This powerful function allows you to solve any captcha without having to identify it. To do this, Grimport creates a split-screen session between a specific section of your PC screen and the device of a human agent solving the captcha. The advantage is that mouse movements and keyboard typing are faithfully reproduced as if the captcha solver were actually behind the screen and the fingerprint is not altered (the solver does not pass through a proxy, there is no DSN leak and the fingerprint is not altered by a browser with different dimensions, for example).
This function requires the captcha to be loaded in Firefox Developper and the Grimport Bridge extension to be up to date. To do this, use the firefox function.
The function is synchronised between crawlers so that it cannot be executed twice simultaneously.
Installation
To use this technology, you need to install on Windows AutoHotKey v2 and on Linux, xdotool and wmctrl (sudo apt-get install xdotool wmctrl) to get to grips with the keyboard and mouse.
You also need to have a Cloud code defined as the function costs idIA Tech Cloud Credits. This depends on the price of the captcha but the cost is generally between 0.01€ and 0.005€ per captcha solved. Your Cloud code can be found on your idIA Tech invoices and your account must be funded. Enter your Cloud code in the Grimport Crawler settings or with the setCloudCode function.
Advice
It is important to make the solver's task as easy as possible. If the interaction zone is too large, the instructions are not clear or there are too many steps, more solvers risk cancelling the task to move on to another proposal, which increases the waiting time for your script. Restrict the interaction zone as much as possible to the captcha only and possibly preselect the field or open the puzzle if possible unless it involves a cancellation with refresh in the event of a long wait.

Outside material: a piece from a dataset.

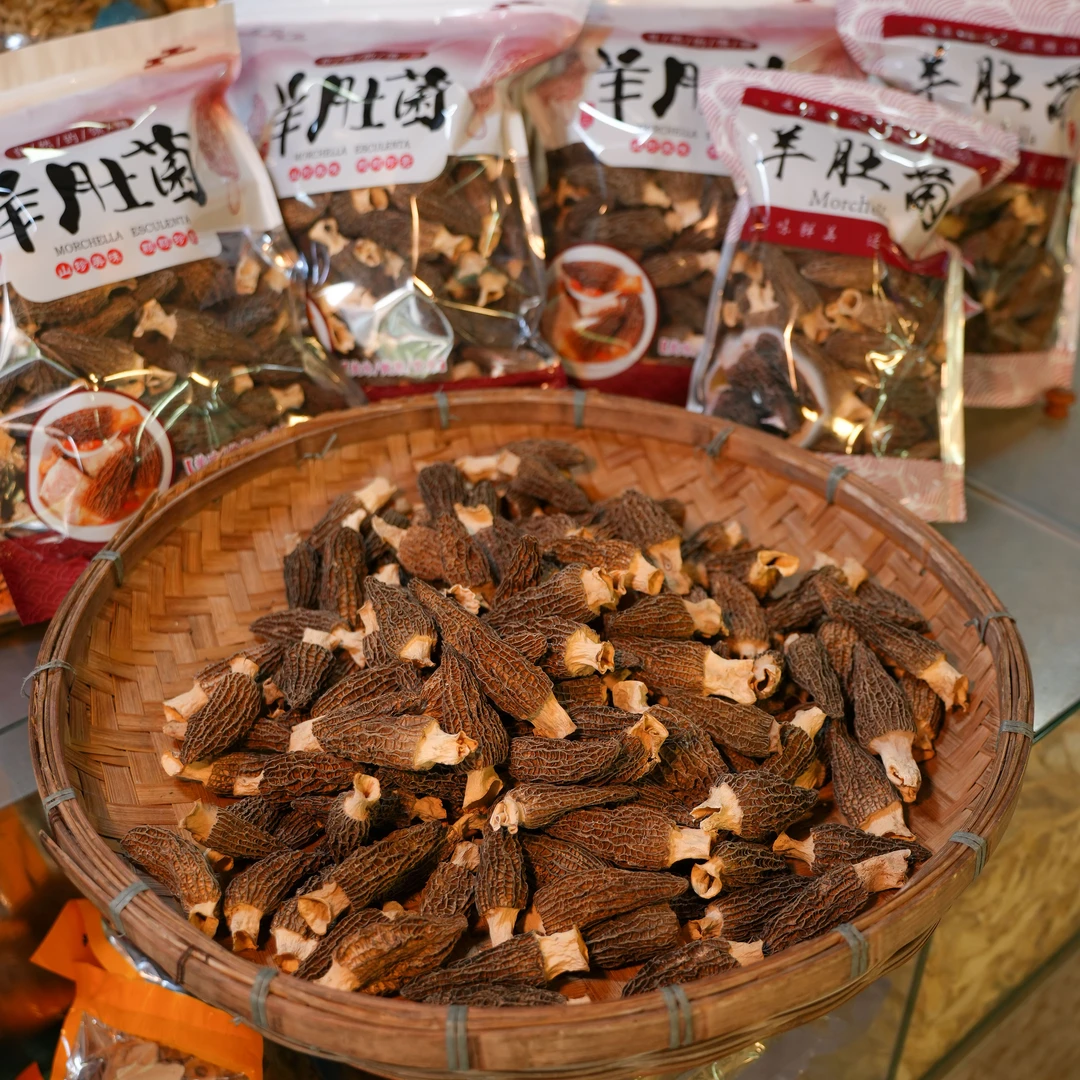 精选7—8云南高山羊肚菌干货营养丰富香味足适合炖汤滋补农家食材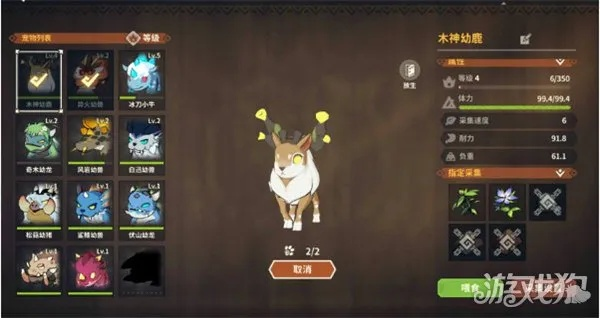 狩猎时刻坐骑挑选攻略：宠物搭配技巧大揭秘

While the solver is taking control of the commands, you must not use your keyboard or mouse, as you will interfere with its actions.

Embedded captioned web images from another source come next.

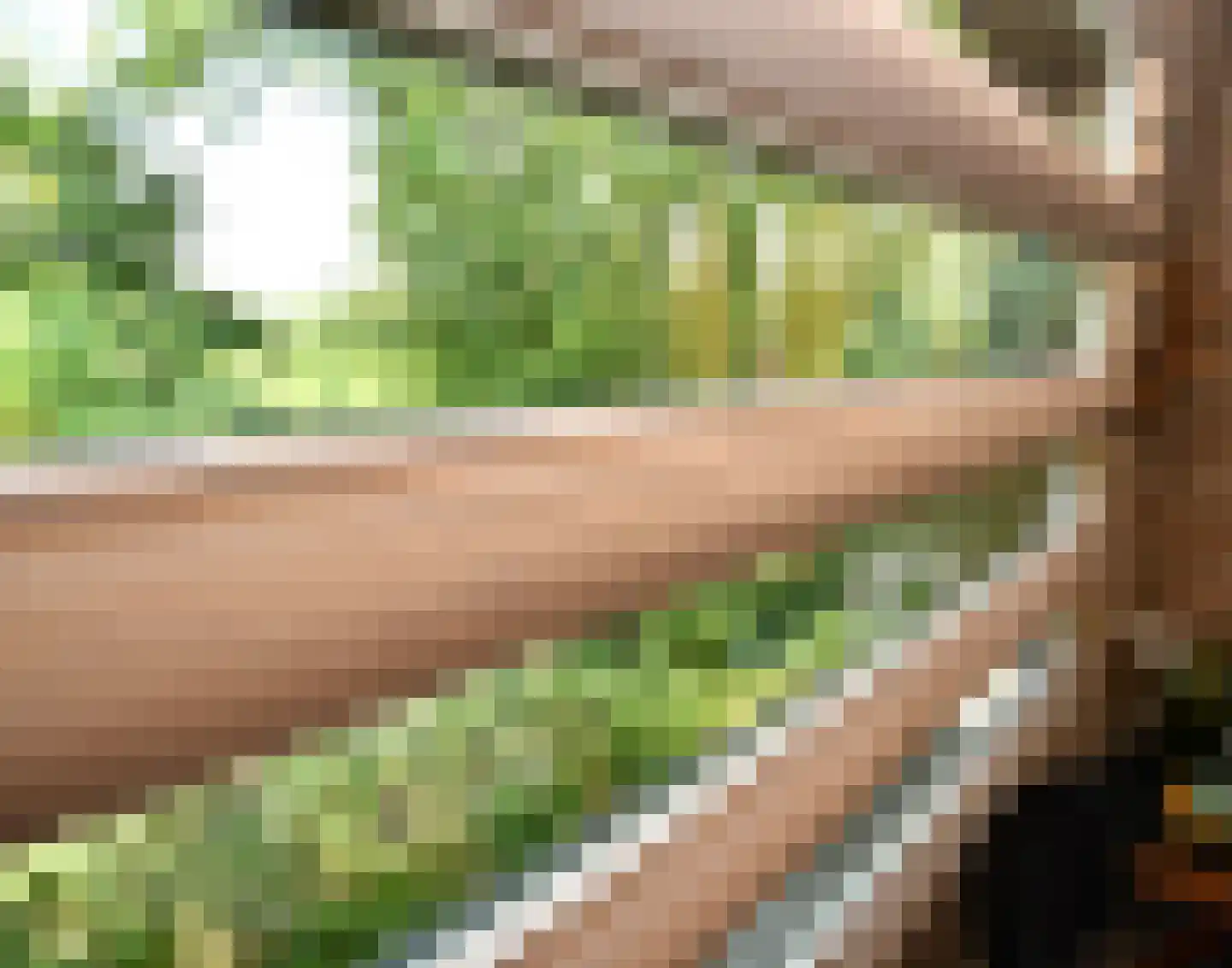Noordlandweg 8 H 13 Midsland thumbnail 7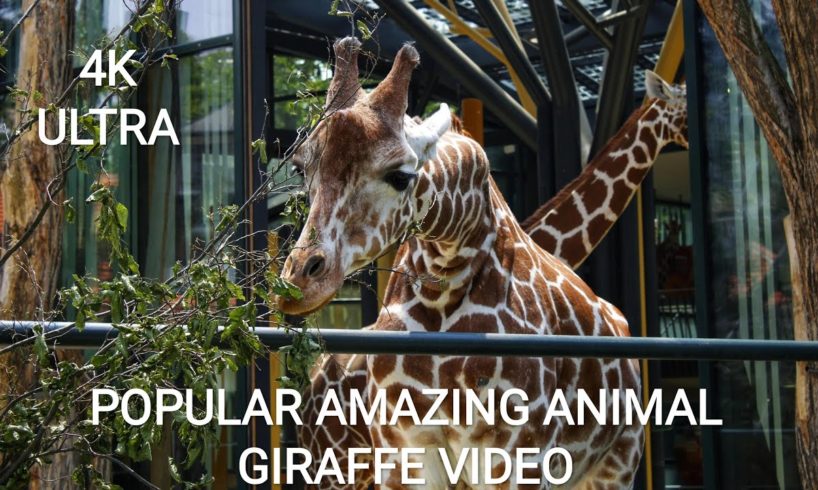 4k Ultra Full Screen Hd Animal Giraffe Video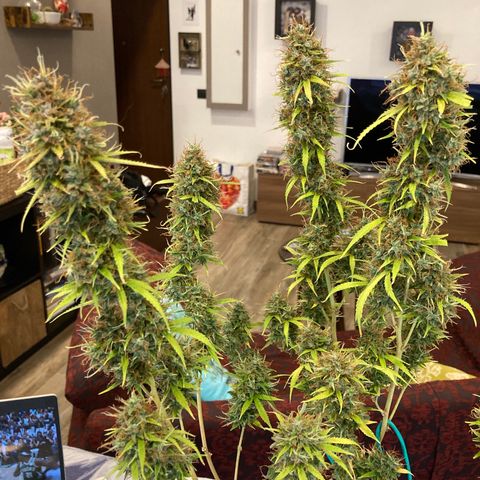 Fat Banana growlog timeline photo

You don't know the nationality of the captcha solver in advance. Make sure that captchas with instructions are displayed in English. Configure your browser to display pages in English only. It is often possible to switch captcha resolution pages to English by changing the language of the site in the URL or on the site.
If you need a pixel ruler, we recommend ScreenRuler.
Example
setCloudCode(111111)
firefox("browse", "https://captcha.com/demos/features/captcha-demo.aspx")
firefox("waitLoaded")
universalCaptchaSolver("#demoForm fieldset", { ->
if(firefox("javascript", """ document.querySelector(".correct") ? document.querySelector(".correct").innerHTML : '' """)) return true
else return false
})
setCloudCode(111111)
firefox("setHeaders", [
/.*/ : [ "Accept-Language": "en-US,en;q=0.5" ] //we ensure that all pages are in English
])
firefox("browse", "https://nopecha.com/demo/hcaptcha#easy")
firefox("waitLoaded")
positionIframe = firefox("positionInScreen", "iframe") //capture the initial position
screenZone = [ //extension of the area
"x": get(positionIframe, "x"),
"y": get(positionIframe, "y") - 50,
"width": get(positionIframe, "width") + 500,
"height": get(positionIframe, "height") + 650,
"from": "screenInFirefox",
]
universalCaptchaSolver(
screenZone,
{ ->
if(firefox("javascript", """ document.querySelector(".response") ? document.querySelector(".response").innerHTML : '' """)) return true
else return false
},
"Task: click on 'I am a human' and solve the captcha to make it disappear and validate!", //solving the captcha in two stages using a puzzle
true //for test, false in production,
{-> //refresh the page to reset everything
firefox("browse", "https://nopecha.com/demo/hcaptcha#easy")
firefox("waitLoaded")
},
3600, //one hour
40
)
Often the captcha is in an iframe (e.g. Datadome). You will then need to capture the coordinates inside the iframe in JS. These coordinates are relative to the page and not to the screen.
screenZone = firefox("javascript", """
captchaFrame = document.querySelector('#captcha__frame'); //the Datadome catpcha box
// Get the details of the captcha__frame
captchaFrameRect = captchaFrame.getBoundingClientRect();
// Creating a table with coordinates
coordinates = {
x: captchaFrameRect.left + window.scrollX,
y: captchaFrameRect.top + window.scrollY,
width: captchaFrameRect.width,
height: captchaFrameRect.height,
from: 'pageInFirefox'
};
//return the table (it will be returned as an object directly usable by screenZone)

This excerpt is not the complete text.